Pour nous, au Parti québécois, indépendantistes, nous sommes totalement d'accord avec vous. Il n'y a pas d'ambiguïté. Puis il y a un double message que vous envoyez, d'abord, à toutes les personnes au Québec qui souhaitent que l'État québécois soit laïque ou pleinement laïque, les limites de la Constitution canadienne. Alors, je les invite à faire une réflexion très sérieuse sur les objectifs qu'ils poursuivent et les limites qu'ils atteindront très rapidement. Vous l'avez indiqué : clause dérogatoire, on gagne du temps. Tôt ou tard, il faudra se rendre à l'évidence que la volonté populaire exprimée par les parlementaires québécois et par grand nombre de citoyens québécois est incompatible avec le régime constitutionnel actuel.

L'autre message, il s'adresse à l'ensemble des indépendantistes. Les indépendantistes auraient intérêt à s'unir en bloc derrière le projet de laïcité, ce qui n'est pas le cas. Vous venez d'en avoir une belle démonstration juste avant moi. Alors, aux deux groupes, ceux qui veulent la laïcité sans l'indépendance, c'est une laïcité qui est partielle, qui est compromise, qui est temporaire, intermittente. Et, pour les indépendantistes, il y a là une volonté d'exprimer un message fort au nom du peuple québécois.

Alors, là-dessus, j'aimerais ça vous accorder un moment à nouveau pour nous indiquer en quoi la seule voie possible pour atteindre cet objectif, c'est l'indépendance du Québec.

M. Monière (Denis) : Dans tout mouvement indépendantiste, évidemment, il y a des orientations diverses, et certains adoptent une position au temps x, ils n'adoptent plus cette position au temps y, ce qui met en cause évidemment la crédibilité de leur discours.
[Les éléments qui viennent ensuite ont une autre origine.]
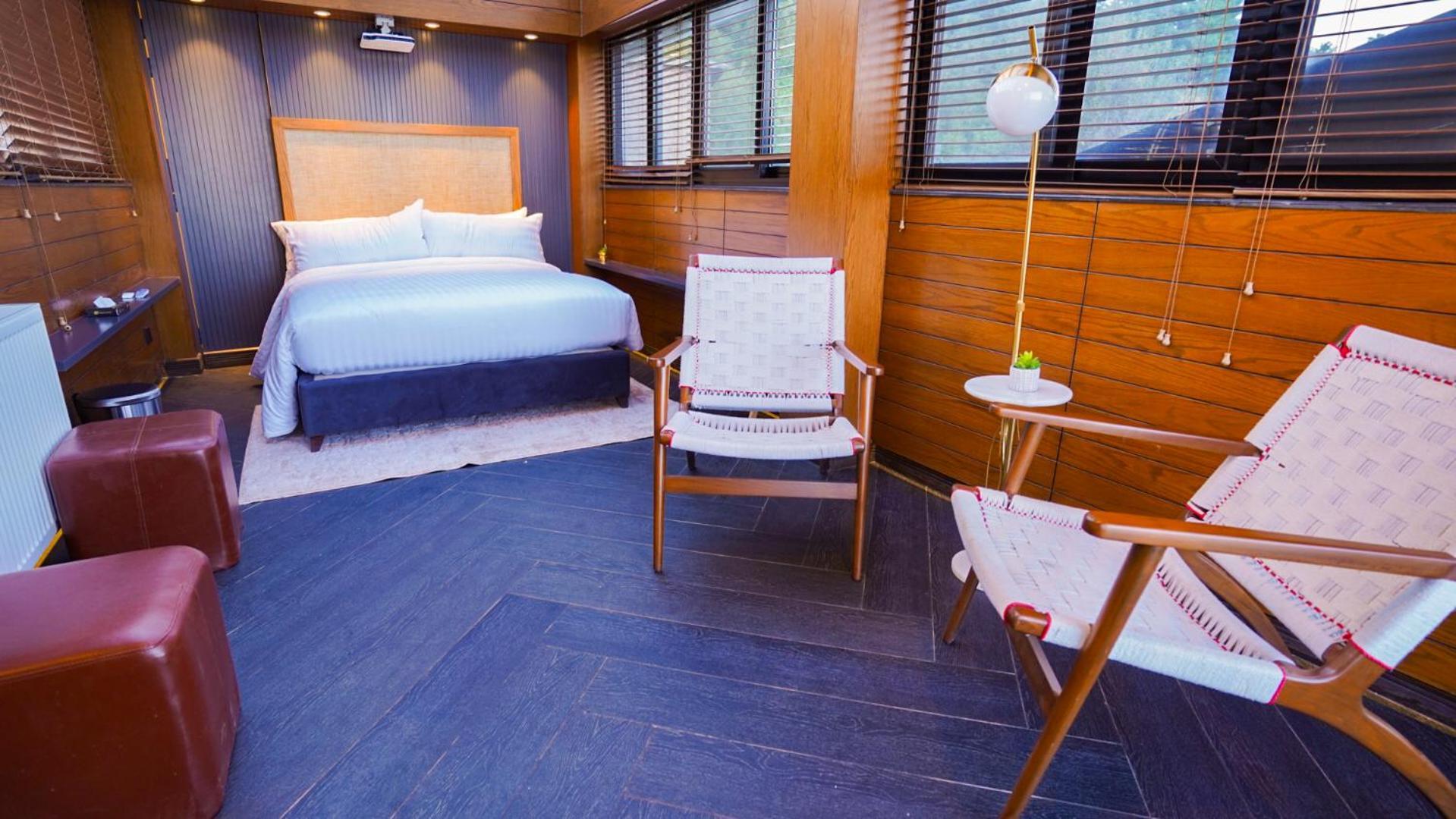 Fiora Hotel Мюри Екстериор снимка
Parce que, s'ils se sont dit que la laïcité est une grande vertu au temps x et, au temps y, ils disent que ce n'est pas important, bien, à ce moment-là, on peut aussi mettre en cause leur discours sur l'indépendance puisqu'ils nous ont dit dans le passé que l'indépendance, c'était une chose essentielle, alors, demain, peut-être nous diront-ils autre chose. Voilà. Ça, c'est les incohérences de certains politiciens. Ce n'est pas une chose nouvelle non plus en politique, hein?

Le Président (M. Bachand) : En terminant, oui.

M. Bérubé : Sur la laïcité, à toutes ces personnes qui font la réflexion que l'État québécois doit être laïque, puis, au-delà de ce qui est proposé, parce que vous proposez une réflexion sur la financement des écoles confessionnelles, par exemple, sur la fiscalité religieuse, il m'apparaît que cette réflexion-là devrait s'accompagner de la seule clé pour atteindre la laïcité qu'est l'indépendance du Québec. On pourrait aller beaucoup plus loin sans avoir constamment la peur que le gouvernement fédéral ou les tribunaux puissent contester la volonté populaire du Québec.

Le Président (M. Bachand) : Merci. Malheureusement, désolé, malheureusement, c'est tout le temps qu'on a. Mais je vous remercie infiniment pour votre contribution, messieurs.

Je vais suspendre les travaux pour quelques instants afin d'accueillir notre prochain invité, M. Guy Rocher. Merci beaucoup.

(Suspension de la séance à 10 h 50)

(Reprise à 10 h 53)

Le Président (M. Bachand) : À l'ordre, s'il vous plaît! La commission reprend ses travaux. Alors, au nom de la commission, je souhaite la bienvenue à M. Guy Rocher. Et j'invite M. Rocher à débuter sa présentation...

S'il vous plaît, à l'ordre, merci! M. le député, s'il vous plaît!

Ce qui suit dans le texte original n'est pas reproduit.